En un divorcio contencioso no existe un convenio acordado por ambas partes. Cada persona formula sus peticiones y será el tribunal quien determine las medidas aplicables.

Cómo hacer un convenio regulador de mutuo acuerdo: pasos a seguir

Saber cómo se hace un convenio regulador implica algo más que rellenar un modelo. El documento debe adaptarse a la realidad de la familia y prever situaciones que podrían generar conflictos en el futuro.

  1. Reunir la información personal, familiar y económica.
    Conviene recopilar el certificado de matrimonio, las certificaciones de nacimiento de los hijos, nóminas o justificantes de ingresos, gastos habituales, títulos de propiedad, contratos de alquiler, préstamos, hipotecas, saldos bancarios y documentación de los bienes comunes. Si hay mascotas, también puede ser útil su documentación veterinaria y de identificación.
  2. Definir las medidas relacionadas con los hijos.
    Hay que decidir el sistema de custodia, el domicilio habitual, el calendario de estancias, las vacaciones, las entregas y recogidas y la forma en que se tomarán las decisiones importantes. También es recomendable regular la comunicación telefónica o por videollamada y qué ocurrirá en fechas especiales.
  3. Calcular las necesidades económicas familiares.
    Deben analizarse los gastos ordinarios de los hijos, la capacidad económica de cada progenitor y los gastos vinculados a la vivienda. El convenio ha de indicar las cantidades, la forma de pago, la cuenta bancaria, la fecha de abono y el sistema de actualización.
  4. Acordar el uso de la vivienda y el reparto patrimonial.
    Es necesario establecer quién continuará usando la vivienda familiar, qué ocurrirá con la hipoteca o el alquiler y cómo se repartirán los muebles y objetos de uso común.

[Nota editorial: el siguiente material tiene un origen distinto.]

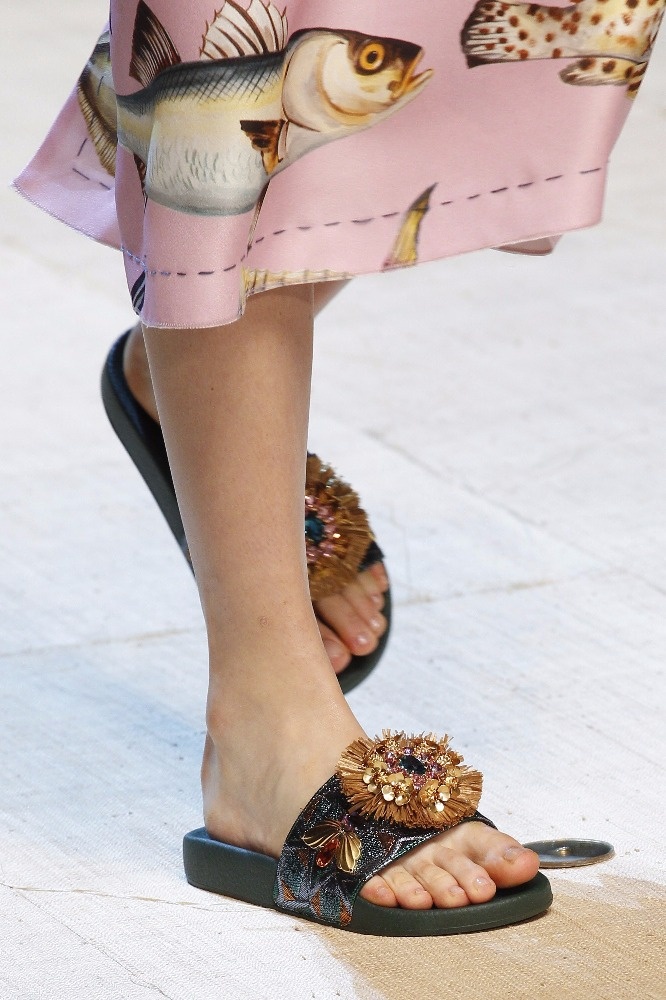 Dolce & Gabbana Dolce & Gabbana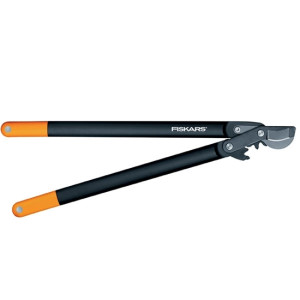 FISKARS Κλαδευτήρι με μακριές λαβές PowerGear™ (L) L78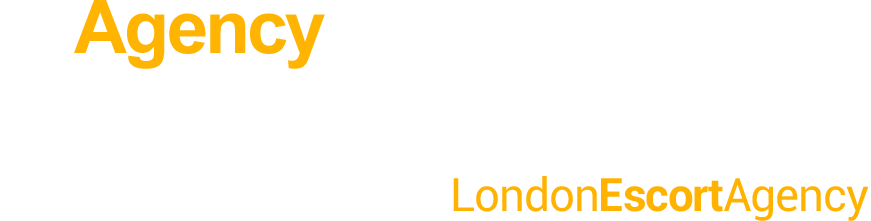 Agency Barracuda logo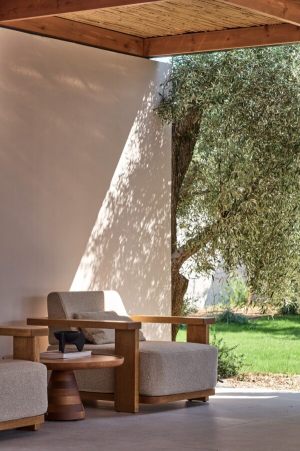 noero_villas_lefkada_noero_two_bedroom_villa_heated_pool-10-1-600x901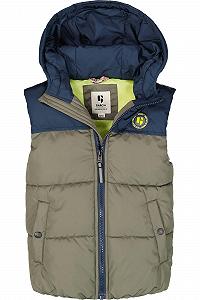 Куртка Garcia Kids - Фото 1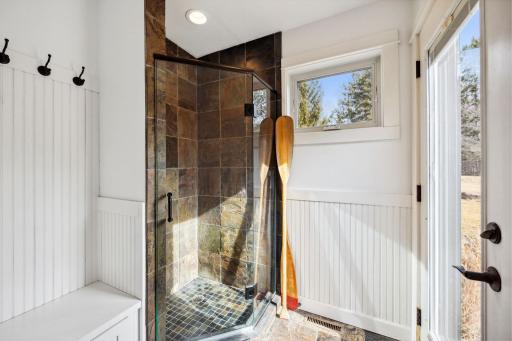 2650 Fox Street, Wayzata, MN 55391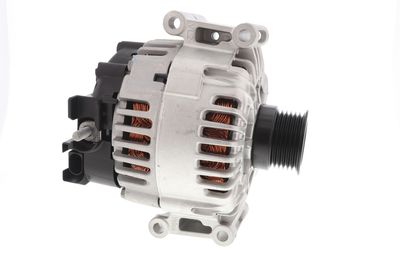 GENERATOR VEMO V301350040 38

También debe valorarse si se liquidará el régimen económico matrimonial en ese momento o en un procedimiento posterior.
  5. Redactar cláusulas claras y aplicables.
    Una abogada especializada transforma los acuerdos de la pareja en un texto jurídicamente preciso. No basta con escribir, por ejemplo, que las vacaciones se repartirán “por mitad”. Es mejor determinar fechas, horas, lugares de entrega, años pares e impares y cómo se resolverán los cambios puntuales.
  6. Revisar, firmar y presentar el convenio.
    Las dos partes deben comprender y aceptar todas las cláusulas. En la vía judicial, el convenio se presenta junto con la solicitud y los cónyuges son citados para ratificar su voluntad. Cuando existen hijos menores o hijos con discapacidad con medidas de apoyo atribuidas a sus progenitores, interviene el Ministerio Fiscal para informar sobre las medidas que les afectan.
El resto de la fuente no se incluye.